Telmo não serve a esta civilização. Serve a outra, à futura essencial de Sempre, a sua obra não é proveitosa para os estrangeirados que vivem em Portugal porque foi sobretudo erguida como luzeiro para os lusos entretanto apagados, indiferenciados, extintos na globalização do Vazio funcional. A Renascença é hoje mais do que nunca pertinente porque hoje, mais do que nunca, é inútil. Portugal é uma necrópole imensa a precisar de renascimento se quiser ainda vir a Ser.

Por exemplo da suma inutilidade da obra télmica, veja-se a reflexão da língua como instrumento ontopoiético, neste momento de imbecilidade (dizemo-lo pela etimologia) de tropeço. O filósofo ensaia a correspondência da língua com a kabbalah, identificando o que considera ser a estrutura sagrada do português, isto num momento a-histórico em que se delapida a língua por critérios desbussolados e utilitaristas, e para o qual a palavra sagrado só cabe em estudos de ciências religiosas, e desculpada entre aspas. Já para Telmo, inútil, pouco moderno, a língua encerra não apenas valências ontológicas mas também espirituais, e a sua constituição, que diferencia as línguas (inutilidade que contraria a tenção de uniformização presente que indiferencia pela anulação de identidade), é pars divinae mentis, não acidental. Se a palavra sagrado, faz sorrir de condescendência, noções desta ordem enfurecem o laicismo que é hoje o totémico facho liderante das consciências, o seu incontestável bezerro doirado.
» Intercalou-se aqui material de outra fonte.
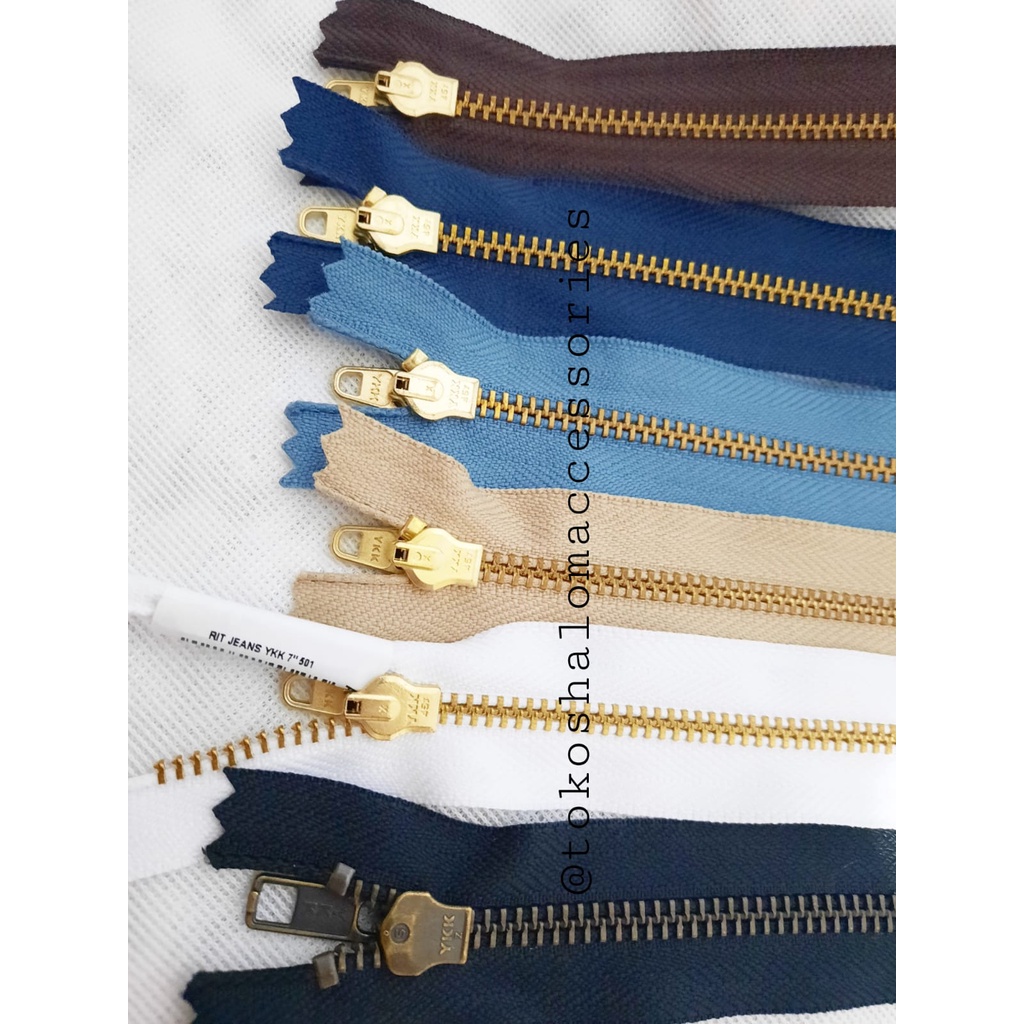 Resleting Jeans YKK Gigi Besi Emas dan bakar 6" (15 cm) Gigi/bahan celana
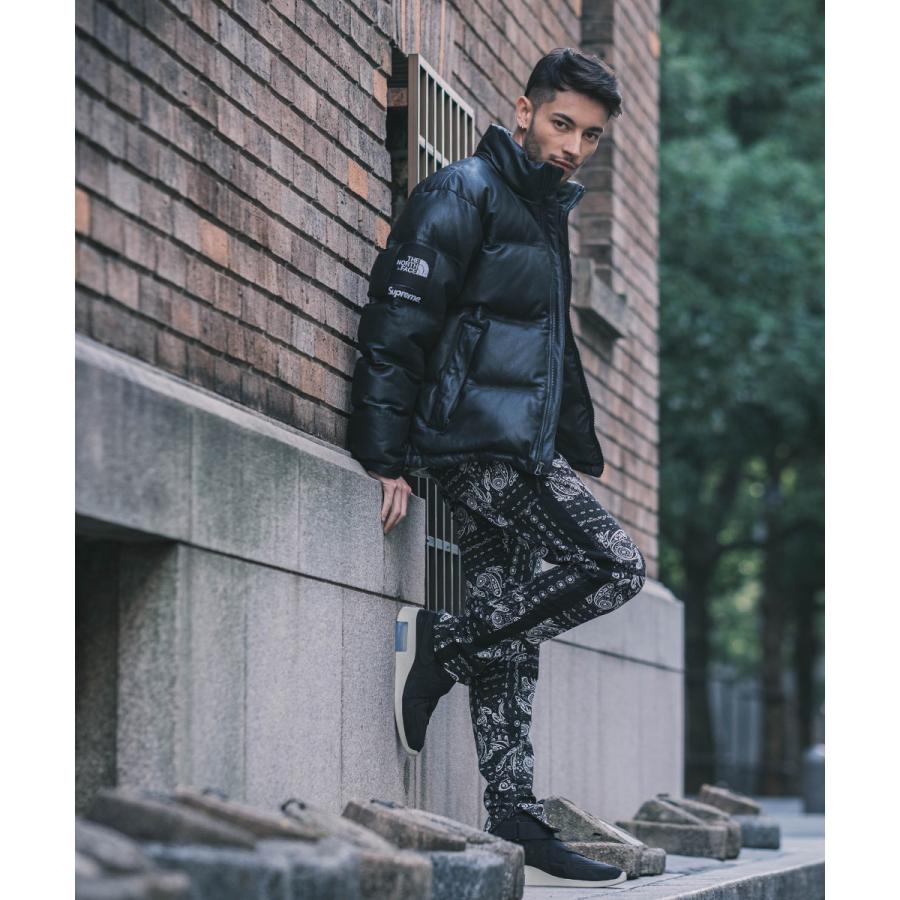 スリムフィット 裾ジップ ペイズリー サイドライン ジャージパンツ メンズ | improves | 01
Destruindo o senso-comum que se vende como iluminação mental, Telmo avisa que a ortografia é indissociável da valência gnosiológica da língua, o que, a não ser uma cabal inutilidade mentirosa, nos poria hoje, ante a presente normalização, na mais néscia amputação de possibilidades, cerceados por uma norma estupidificante e afilosófica. Mas Telmo sabia que a perversão da língua não é, também ela, acidental. Há dinâmicas perversoras, dissolutivas, que fazem parte da organicidade da vida e que se servem dos decisores tanto quanto mais automáticos estes sejam. Justamente por isto é que o cumprimento vocacional pode salvar o mundo, repondo a naturalidade, a concordância com a Natura.

Telmo é, felizmente, inútil. Tanto quanto a própria filosofia de que foi fiel seguidor, digno representante, mestre comprovado entre pares. Convocam-se, pois, todos os inúteis a entrarem nesse círculo sagrado onde a utilidade não tem lugar por ser completamente preenchido pela Verdade.